Risk tiersRoutine manual relay is low attention; irreversible/public/config work is high attention.Higher attention routes to Sami; tier labels do not authorize action.
CODEOWNERS / branch protectionHuman owns consequences; auditor owns critique; builder owns scoped implementation.Role ownership is not approval unless the role is the human approver.
CI/status checksDiff hygiene, static searches, browser QA, and changed-file lists.Passing checks are evidence inputs, not approval.
Escalation on ambiguityUNCLEAR routes to Coordinator unless a human-required trigger is primary.Ambiguity is not permission to proceed.
Human-in-the-loop reviewHuman decision actions use exact text.Drafted text is not approval.
Burden baseline and deferred work

No burden-reduction claim is made by this implementation. This captures a baseline so later cockpit work can be measured instead of asserted.

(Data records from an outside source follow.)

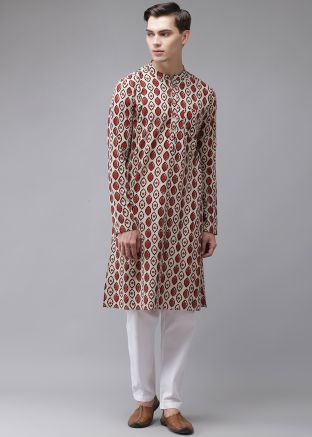 Beige Printed Kurta Pajama In Cotton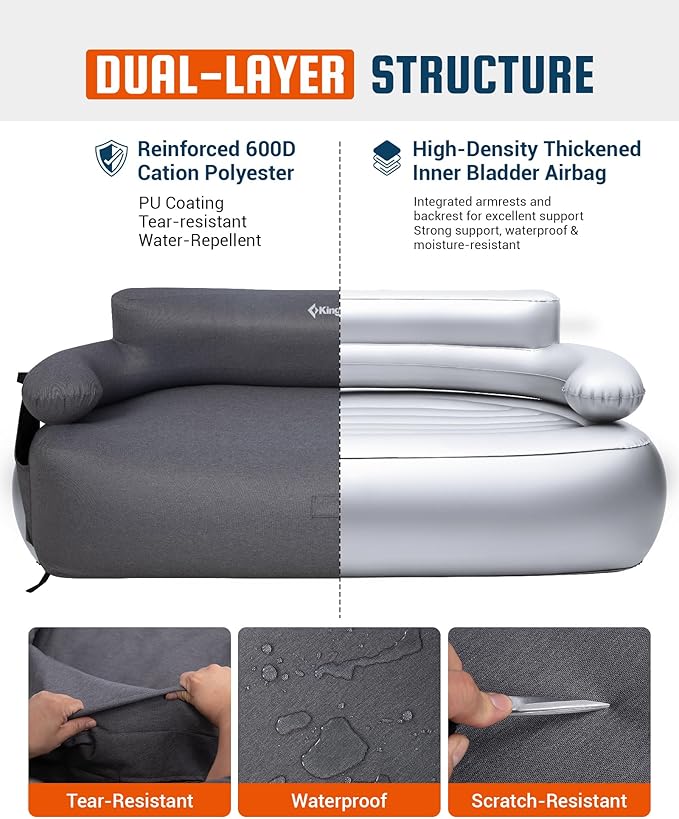 KingCamp Double Camping Inflatable Couch with Built-in Electric Pump 880LB Heavy Duty Outdoor Loveseat Air Sofa 600D Cationic Fabric Dual-Layer 2 Person Inflatable Sofa for Camp Backyard RV Patio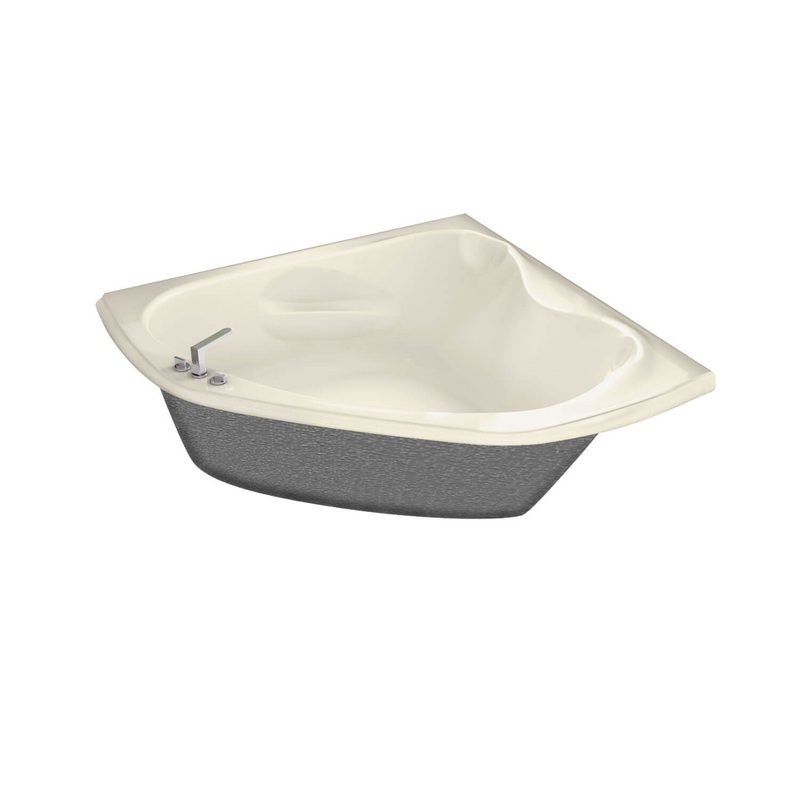 MAAX 105680-107-004 Murmur 5555 Acrylic Corner Center Drain Hydrosens Bathtub in Bone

MetricBaseline captureClaim status
Manual routing prompts / exact authorizationsMultiple exact Sami authorization prompts were required across Stage A packet preservation, Stage A execution, Stage A result preservation, Stage B proposal/result preservation, routing scope-lock preservation, implementation packet preservation, Iteration 1 implementation, Iteration 2 authorization, and Iteration 3 convergence. Exact count should be audited before use as a metric.Baseline only; no reduction claim.
Ambiguous handoff momentsThe routing scope-lock, implementation packet, and Iteration 3 convergence pass exist because the Stage A/B to preservation arc exposed repeated actor-routing friction and audit-trust friction. Exact count is unknown from repo-visible evidence alone.Unknown fields cannot support a reduction claim.
Handoffs by actor classCodex builder, Claude auditor, GPT coordinator synthesis, and Sami approval all appeared in the arc. Exact copy/paste count remains unknown without manual transcript counting.Baseline only.

Deferred

  • No automatic handoff; this is still manual relay.
  • No dashboard runtime, live routing engine, notification, or wakeup layer.
  • No automation, scheduled checks, subagents, memory, or skills.
  • No trust-layer implementation, public-proof run, release, kit cleanup, Stage B retry, or duplicate-noise cleanup.